[ovs-dev] [PATCH v5 3/3] dpif-netlink: Introduce per-cpu upcall dispatch
Aaron Conole
aconole at redhat.com
Thu Jul 15 20:46:55 UTC 2021
Mark Gray <mark.d.gray at redhat.com> writes:
> The Open vSwitch kernel module uses the upcall mechanism to send
> packets from kernel space to user space when it misses in the kernel
> space flow table. The upcall sends packets via a Netlink socket.
> Currently, a Netlink socket is created for every vport.

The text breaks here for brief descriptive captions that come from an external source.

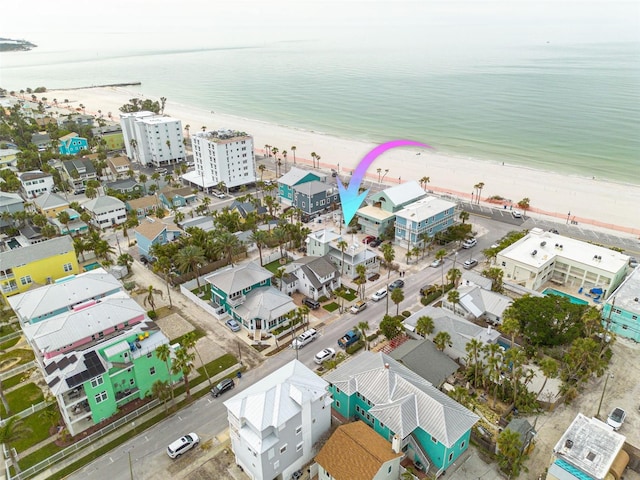 bird's eye view with a view of the beach and a water view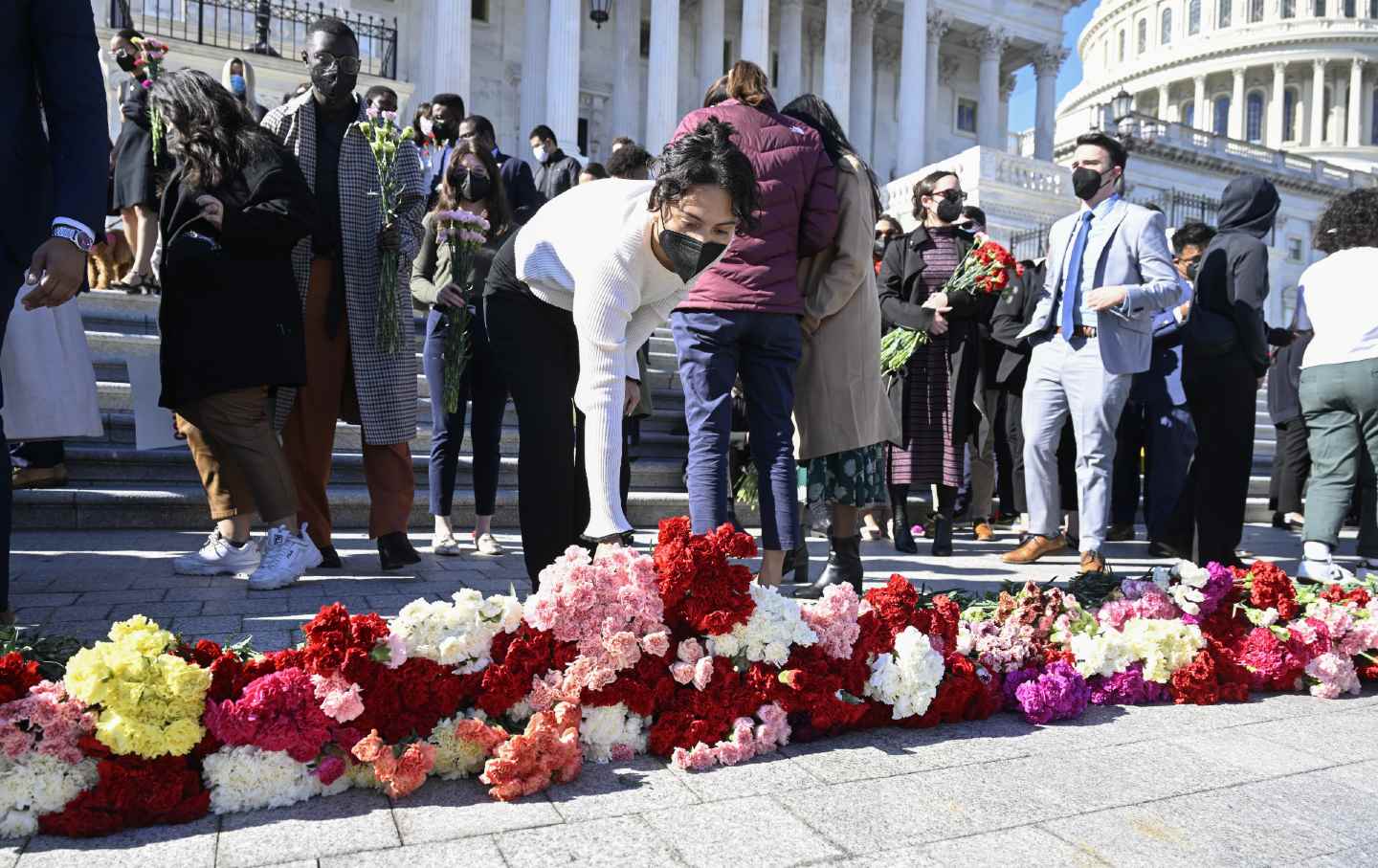 Une personne en pull blanc et masque dépose des roses en ligne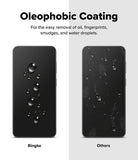 Galaxy S26 FE Screen Protector | Easy Slide Tempered Glass (2P) - Promotional graphic for oleophobic coating on a smartphone screen, showing two black phone mockups side by side with water droplets. The left phone is labeled 'Ringke' and shows water droplets rolling off easily, while the right phone is labeled 'Others' and shows water droplets staying on the surface.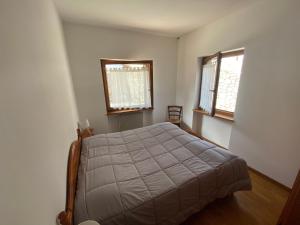 a bedroom with a bed and two windows at Residence Malibu Appartamento 2 in Falcade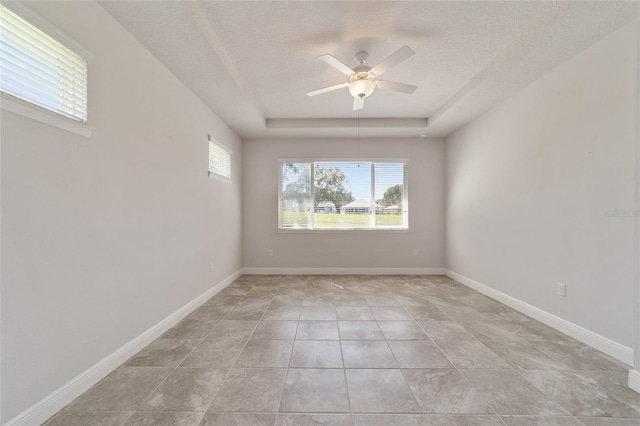 empty room featuring light tile patterned floors, ceiling fan, a raised ceiling, and a textured ceiling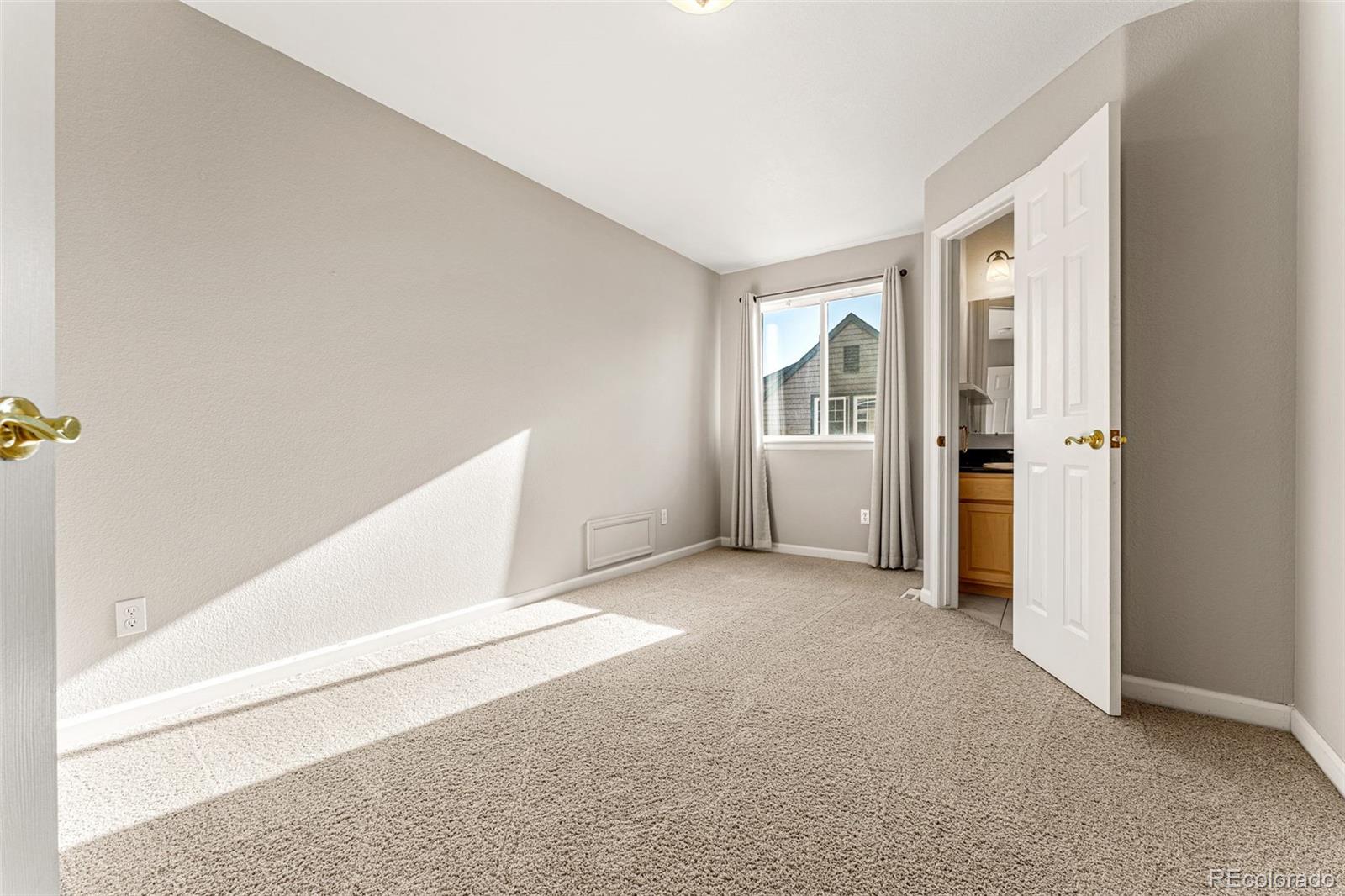 276 East Fair Lane Centennial, CO 80121 - Photo 32 of 38 an empty room with windows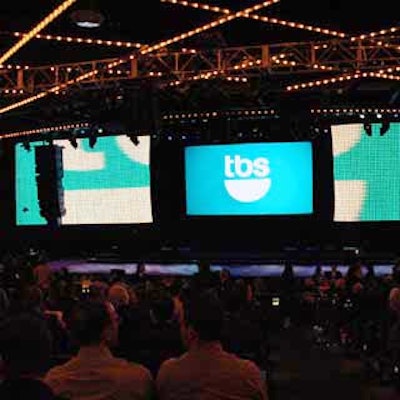 Giant LED curtains and TBS signage adorned the stage.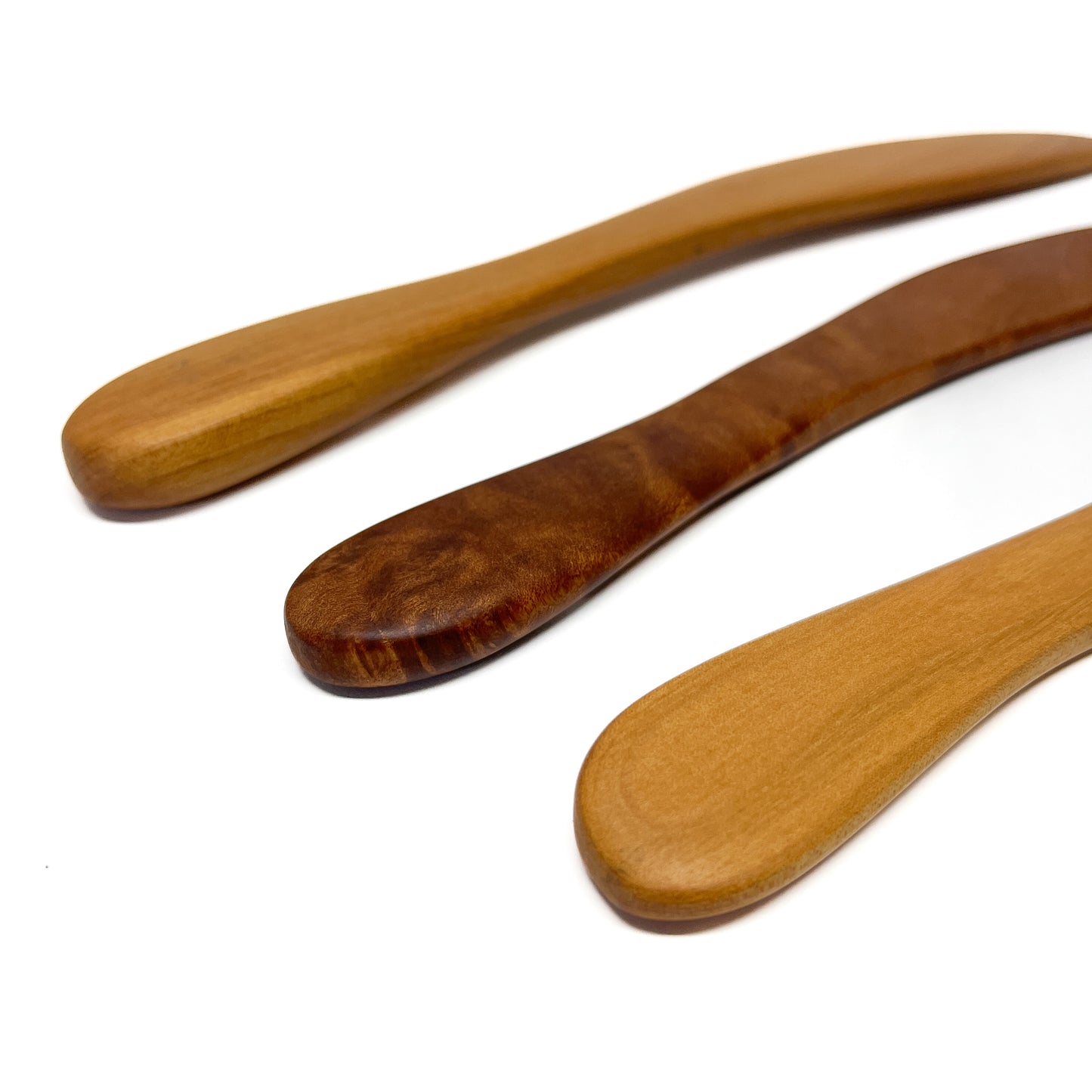 Three wooden spread knives in varying shades, angled on a white surface.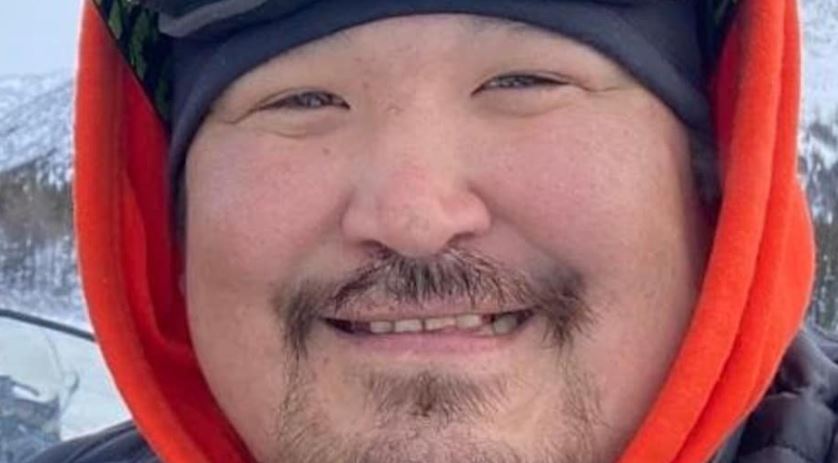 A man, smiling.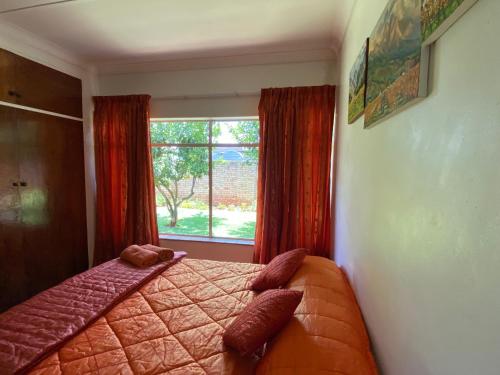 a bedroom with a bed and a window with red curtains at Highway Haven in Stilfontein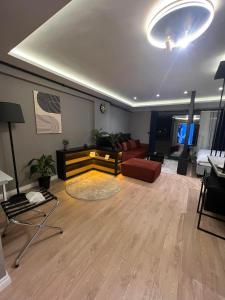 Posezení v ubytování Prive Living Suite
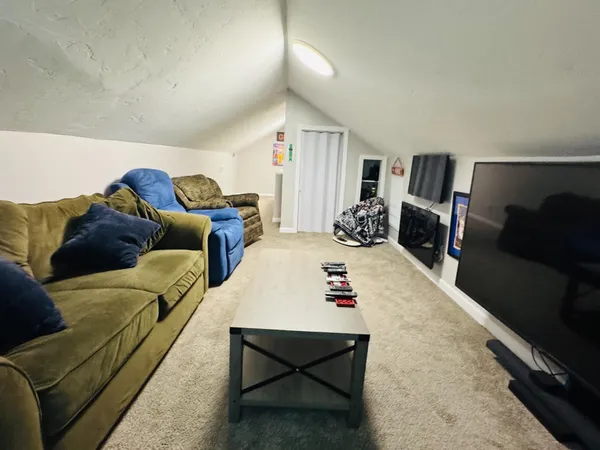 a bedroom with furniture and a wooden floor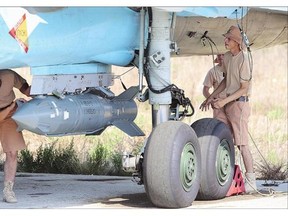 Russian air force technicians check a Su-34 fighter bomber at the Hmeimim airbase in the Syrian province of Latakia.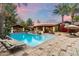 Gorgeous backyard pool area with a cabana, outdoor kitchen, and comfortable lounge seating at 8306 N Merion Way, Paradise Valley, AZ 85253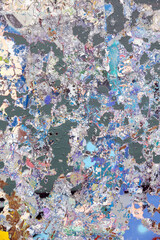 Abstract textured painting with layers of peeling paint in cool and warm tones. A visually striking...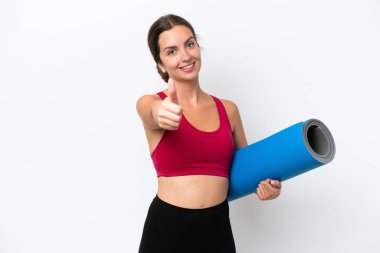 Beyaz arka planda izole edilmiş bir minderi tutarken yoga derslerine giden genç beyaz kadın. Çünkü iyi bir şey oldu.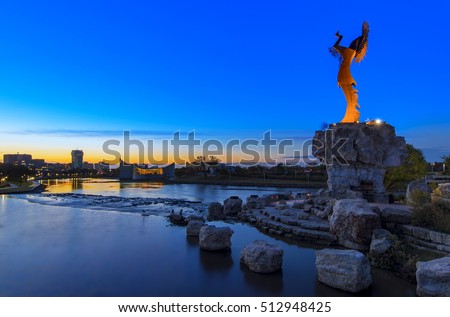 Keeper of the Plains Indian in Wichita, Kansas at sunrise. A steel sculpture by Blackbear Bosin that stands at the fork of the Arkansas River.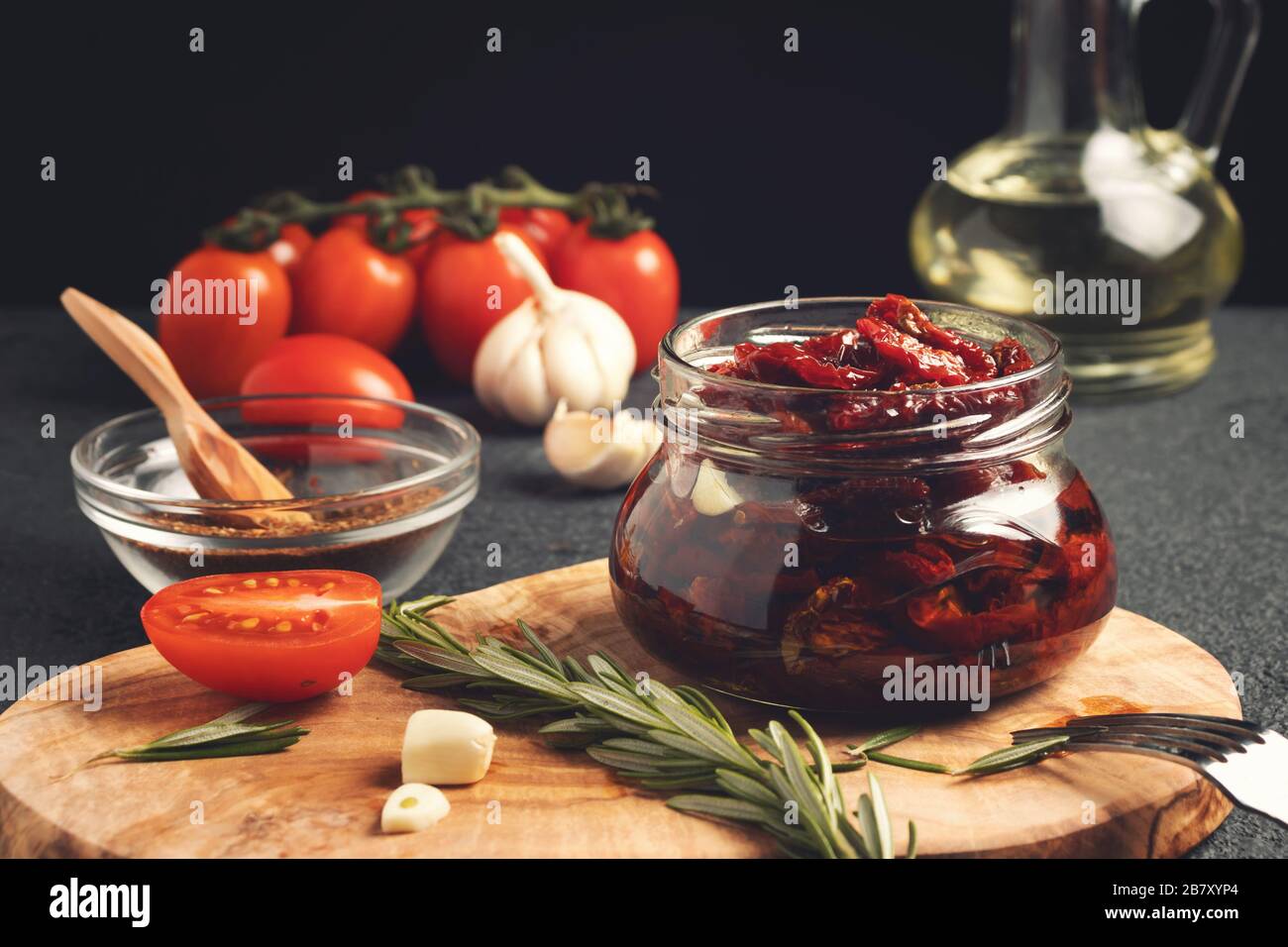Faire cuire des tomates séchées au soleil dans un pot en verre avec de l'huile d'olive, de l'ail et du romarin. Banque D'Images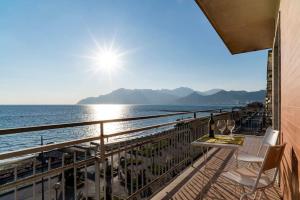 a balcony with a table and chairs and the ocean at Salerno e Costiera Amalfitana al Top in Salerno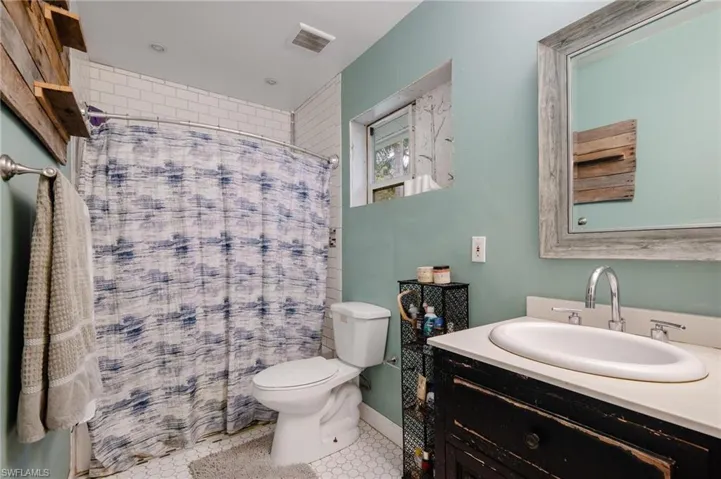 Bathroom with tile patterned flooring, vanity, toilet, and a shower with shower curtain
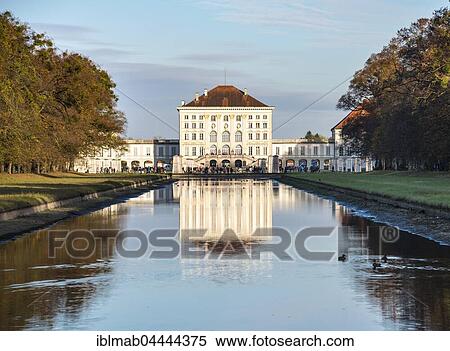 Stock Photography - West side of Nymphenburg Palace, reflected in castle garden channel, autumn, Munich, Upper Bavaria, Bavaria, Germany, Europe. Fotosearch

In this way,
> there is a 1:1 mapping between a vport and a Netlink socket.
> When a packet is received by a vport, if it needs to be sent to
> user space, it is sent via the corresponding Netlink socket.
>
> This mechanism, with various iterations of the corresponding user
> space code, has seen some limitations and issues:
>
> * On systems with a large number of vports, there is correspondingly
> a large number of Netlink sockets which can limit scaling.
> (https://bugzilla.redhat.com/show_bug.cgi?id=1526306)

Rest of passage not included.